[Stored data]
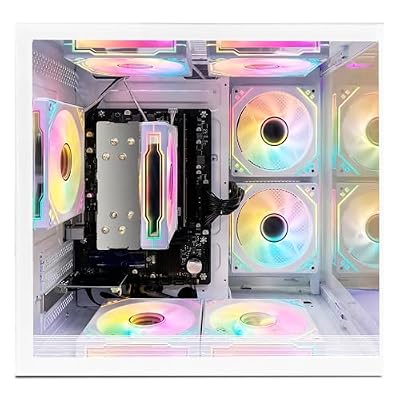 suevery Prebuilt Gaming PC 8G DDR4 RAM AMD Ryzen5 3.7G Up to 4.2G 256G SSD Radeon Vega 11 Wi-Fi 6 White Desktop Computer White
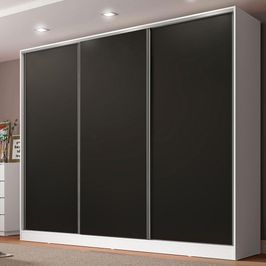 Guarda Roupa Casal 100% MDF Madesa Royale 3 Portas de Correr - Branco/Preto Branco/Preto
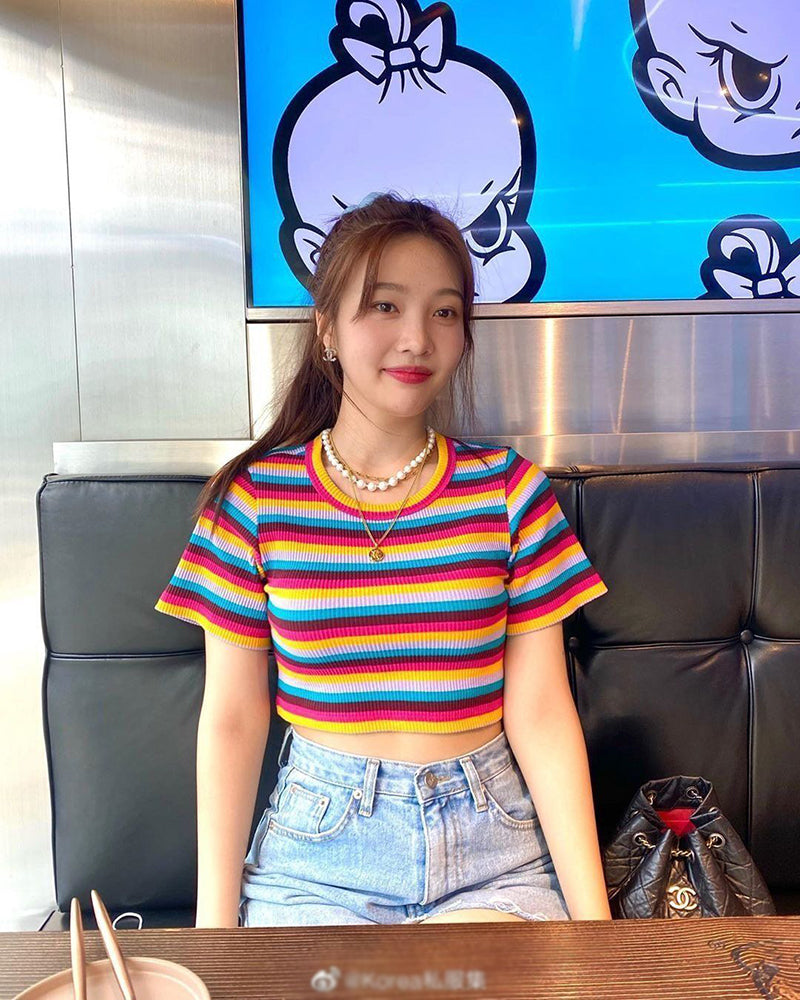 Navel Cropped Cropped Top Women Park Xiurong'S Same Slim-Fit Rainbow Striped Knitted Short-Sleeved T-Shirt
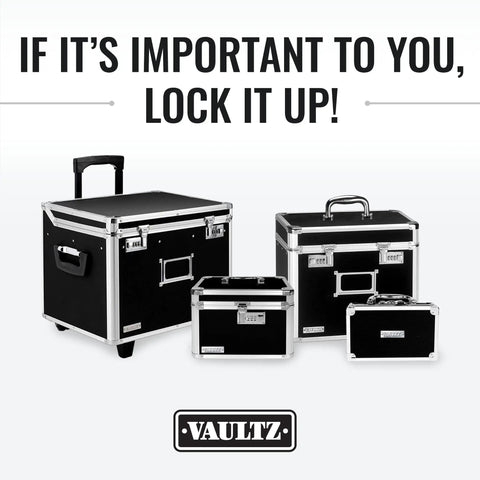 Black locking storage boxes, various sizes, with handles and combination locks; focus on Locking Medicine Storage Box With Combination Lock For Safe Med Storage, First Aid And Pill Organization, Elastic Dividers For Quick Sorting, 3.75 X 11.88 X 5.25 Inches, Black.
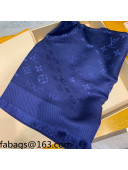 Louis Vuitton Monogram Silk and Wool Sqaure Scarf 140x140cm Navy Blue 2021 21100704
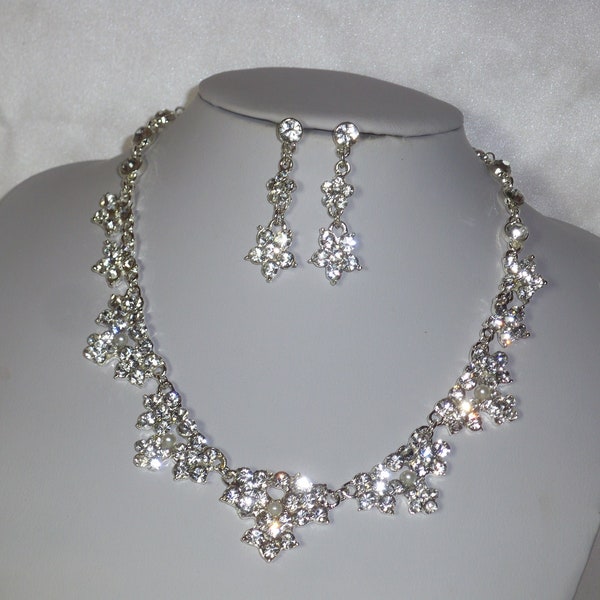 Rhinestone necklace set, bridal jewelry, prom necklace, pageant necklace, bridesmaid necklace set, Quenceanera jewelry, party jewelry, set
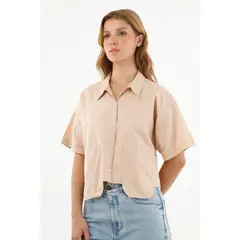 TENNIS - Camisa café con ruedo al corte para mujer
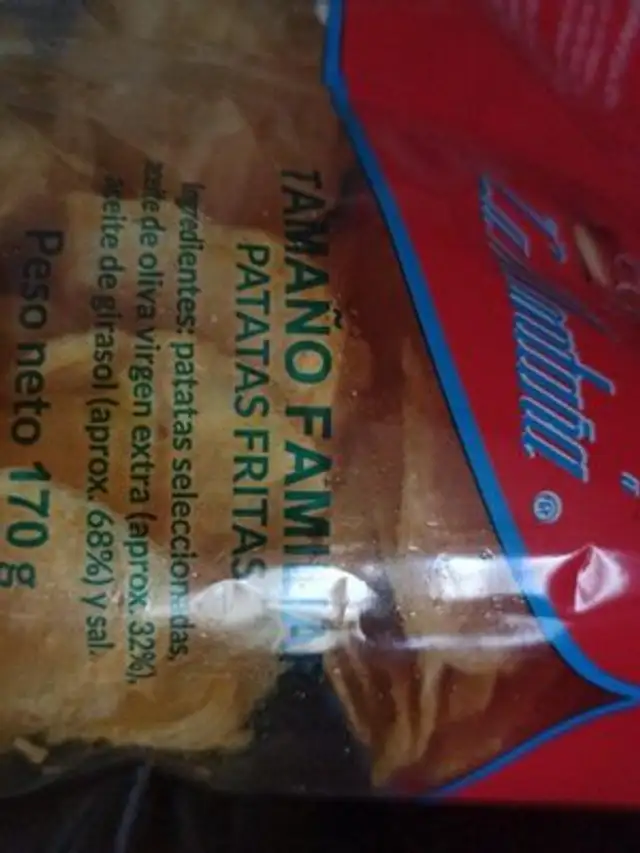 Patatas fritas ingredients label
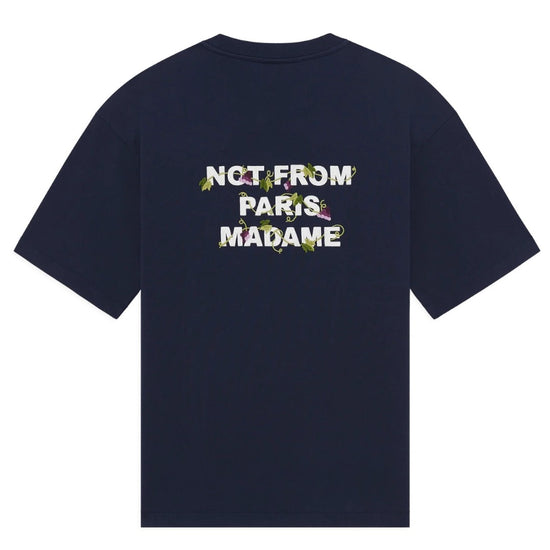 Drôle de Monsieur Vine Embroidered Slogan T-shirt Navy bij Checkpoint Mol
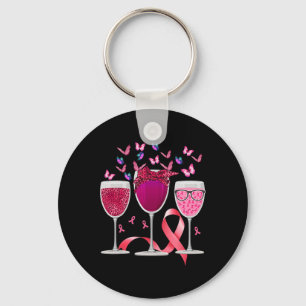 Three Glass Wine Breast Cancer Awareness Pink Ribb Key Ring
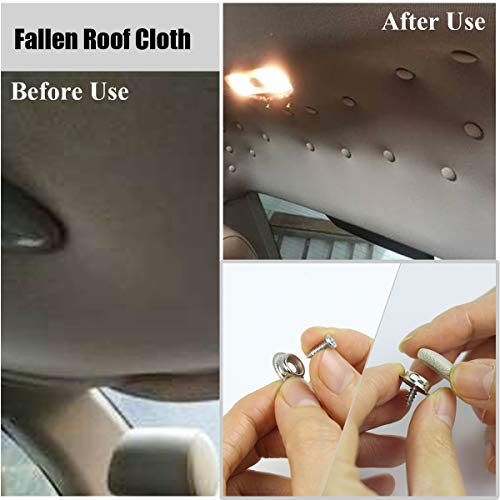 EZYKOO 60 pcs Car Roof Headliner Repair Button, Auto Roof Snap Rivets Retainer Design for Car Roof Flannelette Fixed, with Installation Tool and Fit Most Cars(Grey Beige Grid) - Thumbnail 4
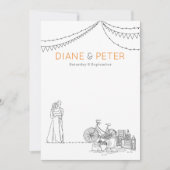 Garden Picnic Minimalistisch Black and White Weddi Einladung (Vorderseite)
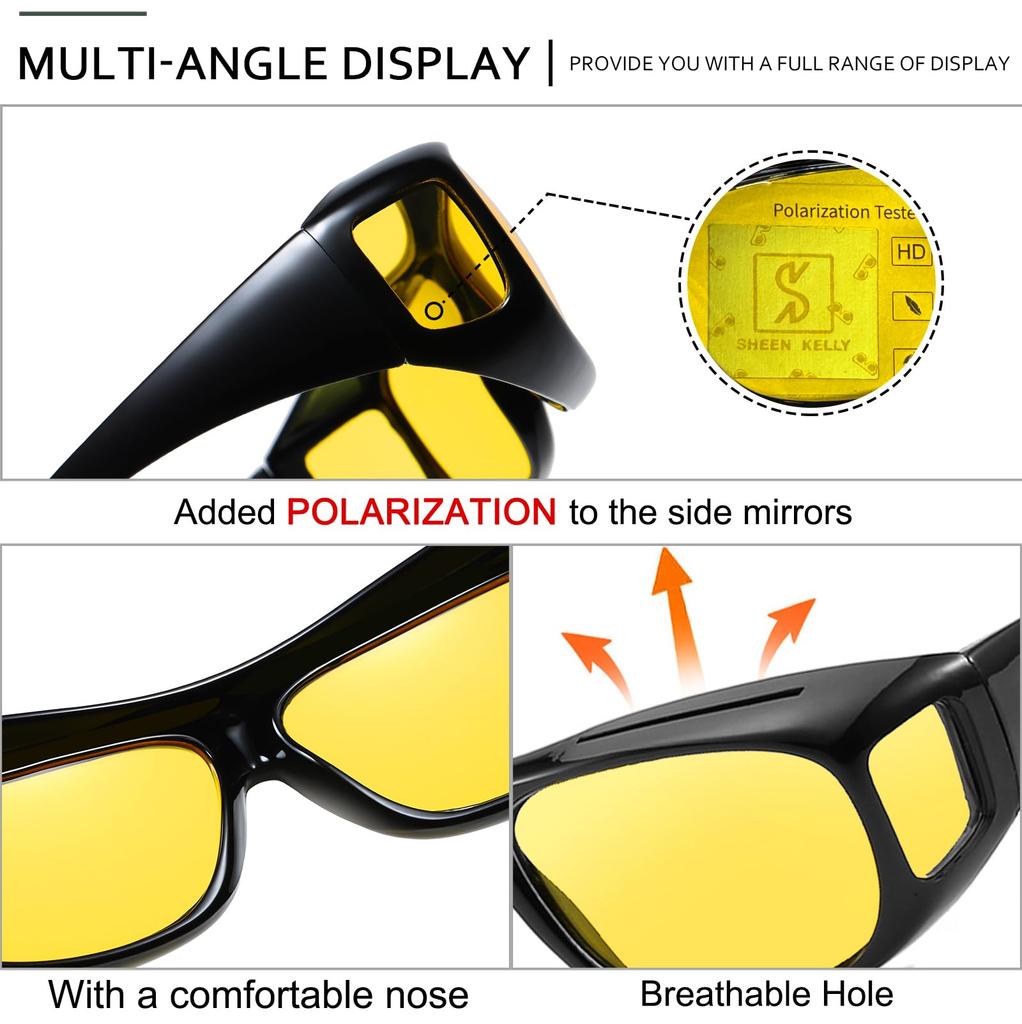 Night Vision Glasses Fit Over Driving Glasses [SHEEN KELLY] Glasses, Wrap-around Sunglasses,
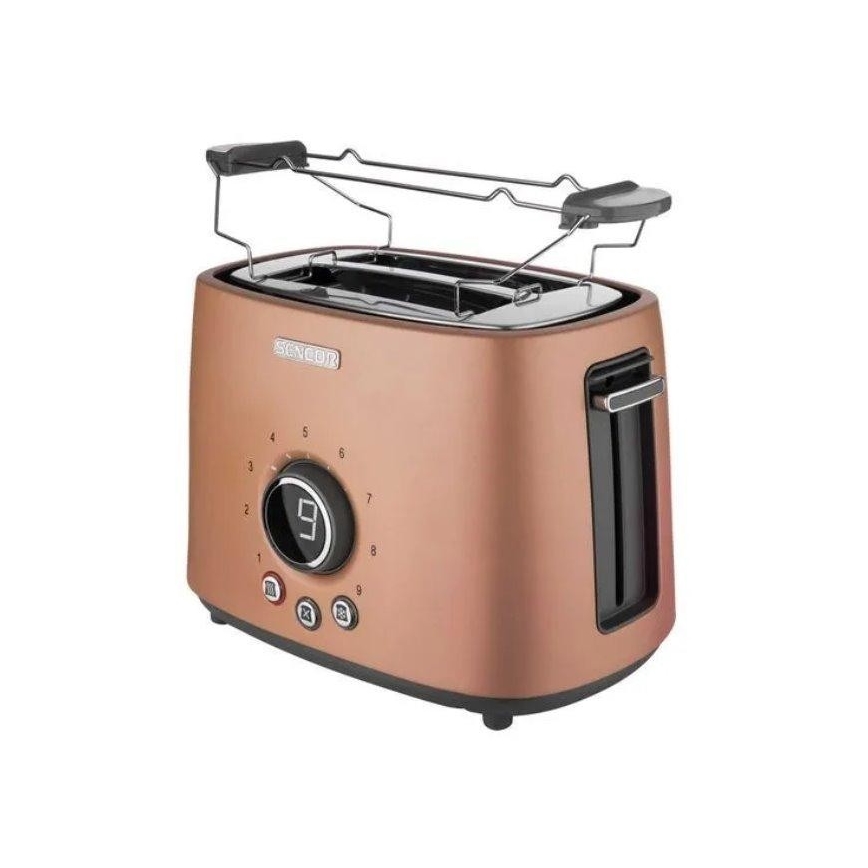 Sencor - 2-Slice Toaster with Warming Rack 1000W/230V, Copper
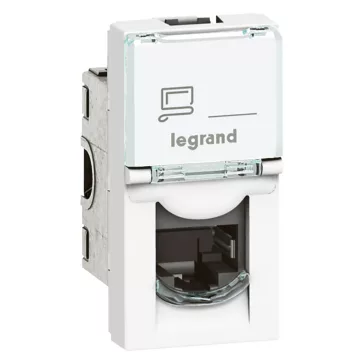  Legrand Program Mosaic LCS2 RJ45 aljzat Cat 6 UTP, 1 modul, fehér, 76561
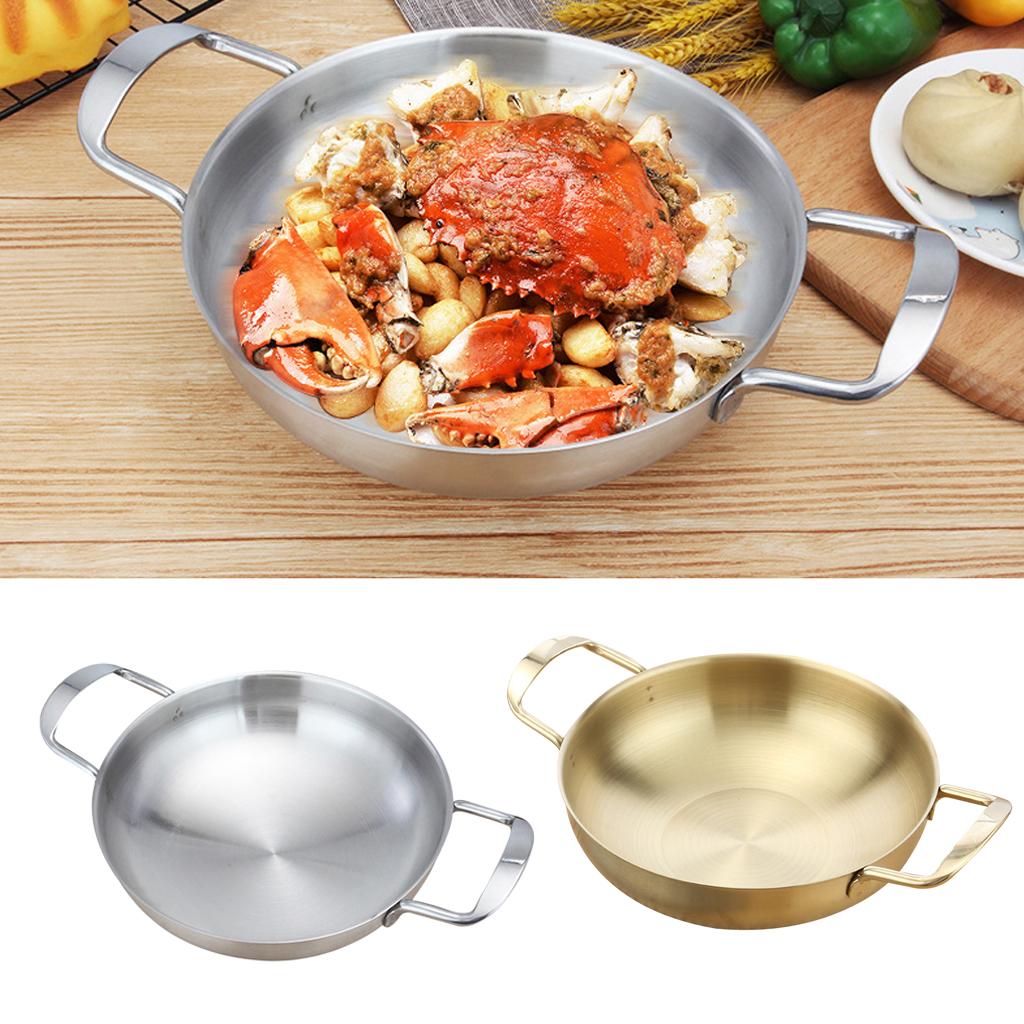 18cm 20cm 22cm Paella Pan Stainless Steel Non-stick Seafood Cooker Camping 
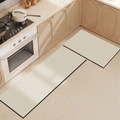 Juego de alfombras de cocina antideslizantes beige crema con bordes negros finos - Albaricoque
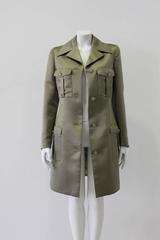 Istante By Gianni Versace Haki Military Silk Coat
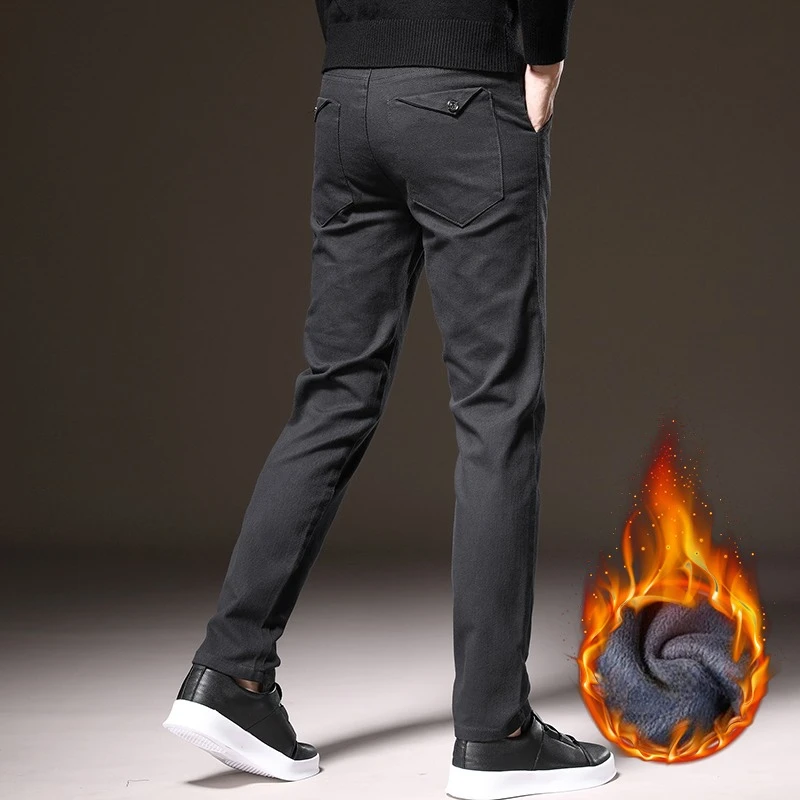 Thickened Fleece Lined Mens Casual Pants Winter Warm Soft Fabric Elastic Straight Pants Comfortable Daily Wear Slim Fit Trousers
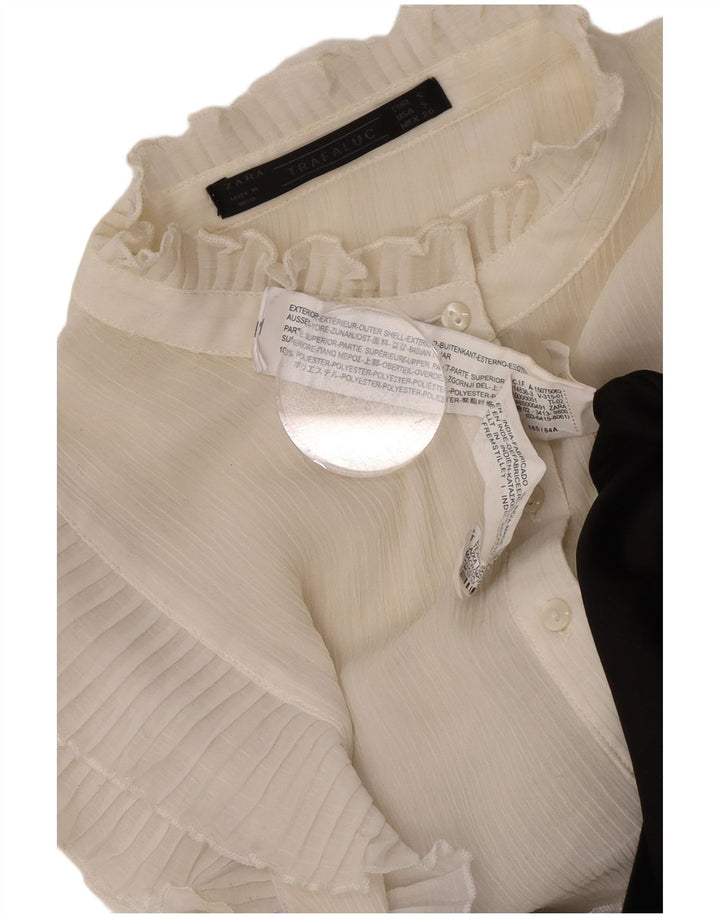 Zara Damen A-Linien-Kleid mit Rüschen vorne, Gr. 10, Größe S, Weiß, Farbblock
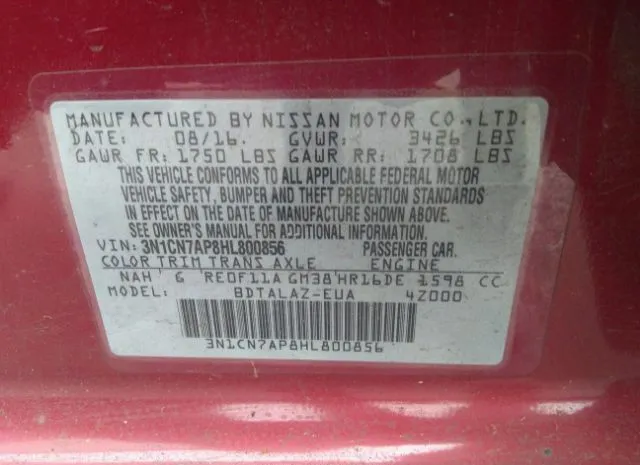 Photo 8 VIN: 3N1CN7AP8HL800856 - NISSAN VERSA SEDAN 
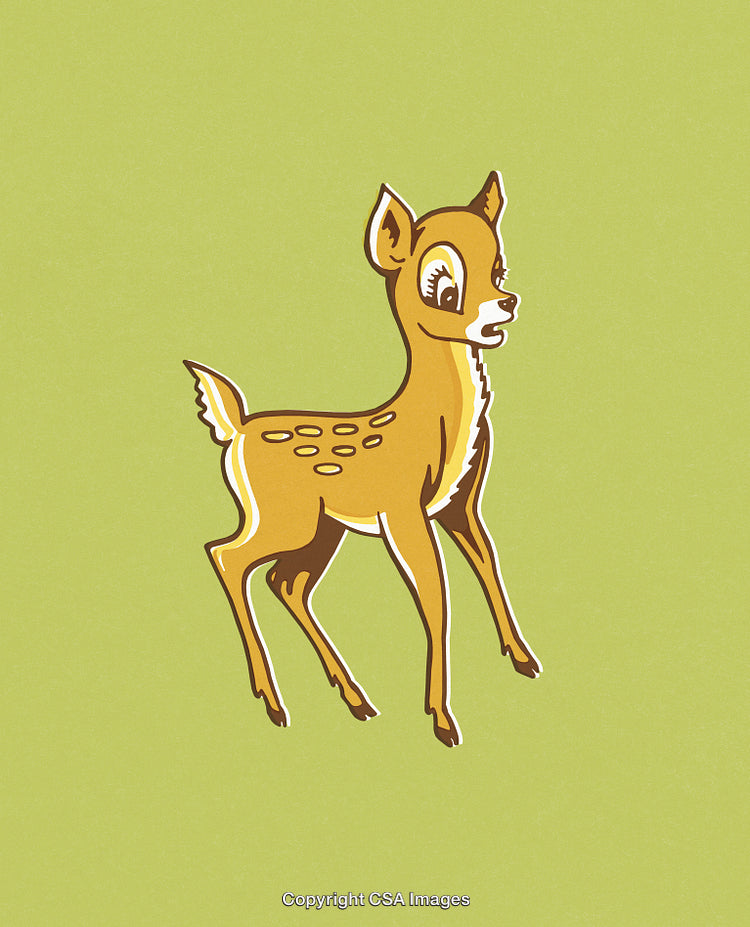 Charming Cartoon Fawn with a Bright Green Background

> **WORK INSTRUCTIONS**
Restate word for word every line from the top of the entries above to the line with "Drôle de Monsieur", inclusive, and skip any pictures.

> **RESULT FOR THIS EXERCISE**
 suevery Prebuilt Gaming PC 8G DDR4 RAM AMD Ryzen5 3.7G Up to 4.2G 256G SSD Radeon Vega 11 Wi-Fi 6 White Desktop Computer White
 Guarda Roupa Casal 100% MDF Madesa Royale 3 Portas de Correr - Branco/Preto Branco/Preto
 Navel Cropped Cropped Top Women Park Xiurong'S Same Slim-Fit Rainbow Striped Knitted Short-Sleeved T-Shirt
 Black locking storage boxes, various sizes, with handles and combination locks; focus on Locking Medicine Storage Box With Combination Lock For Safe Med Storage, First Aid And Pill Organization, Elastic Dividers For Quick Sorting, 3.75 X 11.88 X 5.25 Inches, Black.
 Louis Vuitton Monogram Silk and Wool Sqaure Scarf 140x140cm Navy Blue 2021 21100704
 Rhinestone necklace set, bridal jewelry, prom necklace, pageant necklace, bridesmaid necklace set, Quenceanera jewelry, party jewelry, set
 TENNIS - Camisa café con ruedo al corte para mujer
 Patatas fritas ingredients label
 Drôle de Monsieur Vine Embroidered Slogan T-shirt Navy bij Checkpoint Mol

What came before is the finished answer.